Task objective —
Return each line of the data below verbatim; pictures are to be left out.

BEGIN Available data

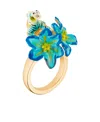 Dior Toile De Jouy Voyage Ring In Green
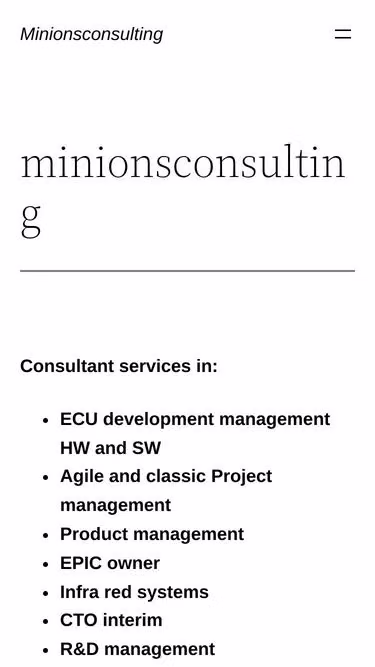 Screenshot of minions.se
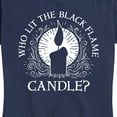 thumbnail image 3 of Hocus Pocus - Who Lit The Blame Flame Candle - Women's Short Sleeve Graphic T-Shirt, 3 of 5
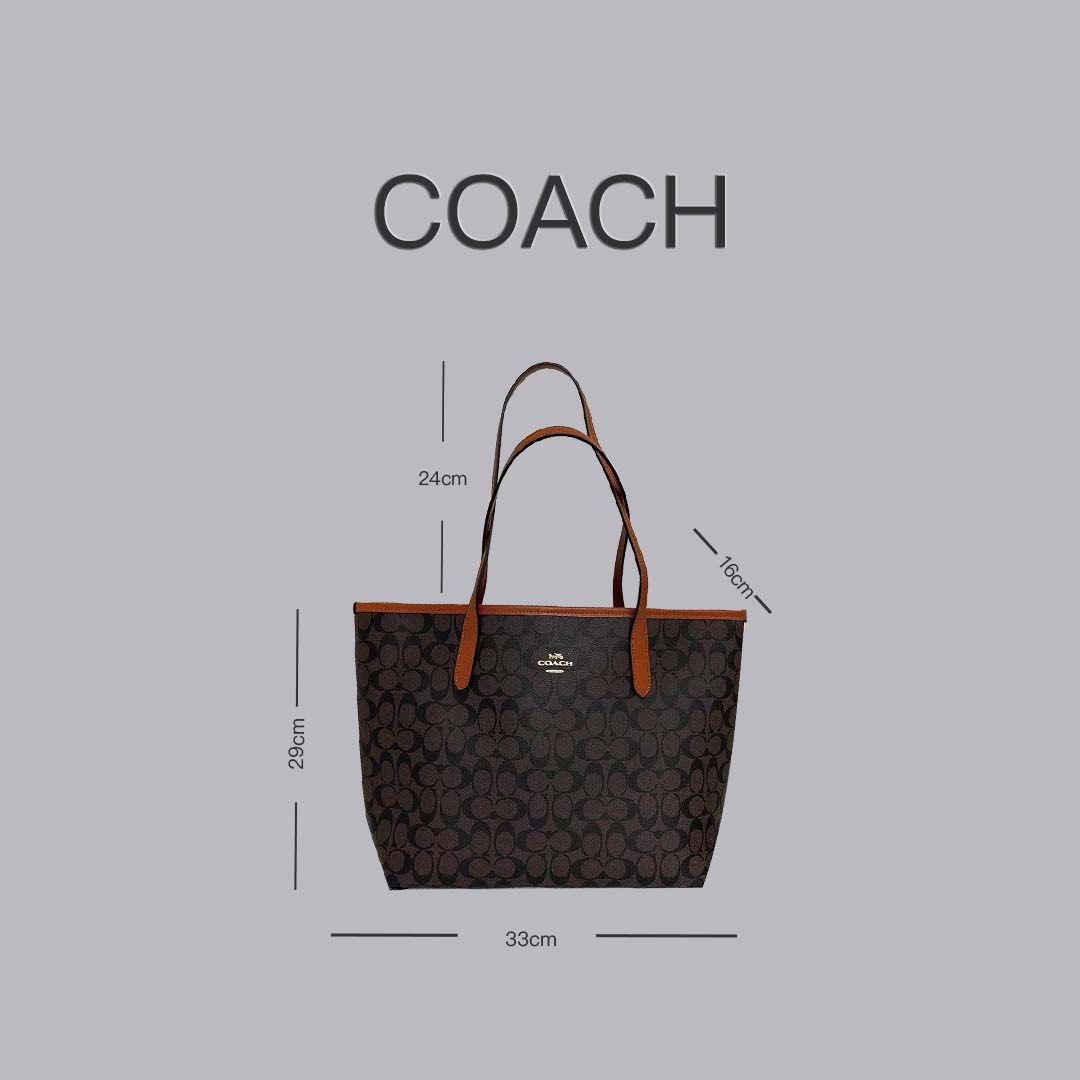 Coach sig rvs pvc city tote online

END Available data

Answer box —
 Dior Toile De Jouy Voyage Ring In Green
 Screenshot of minions.se
 thumbnail image 3 of Hocus Pocus - Who Lit The Blame Flame Candle - Women's Short Sleeve Graphic T-Shirt, 3 of 5
 Coach sig rvs pvc city tote online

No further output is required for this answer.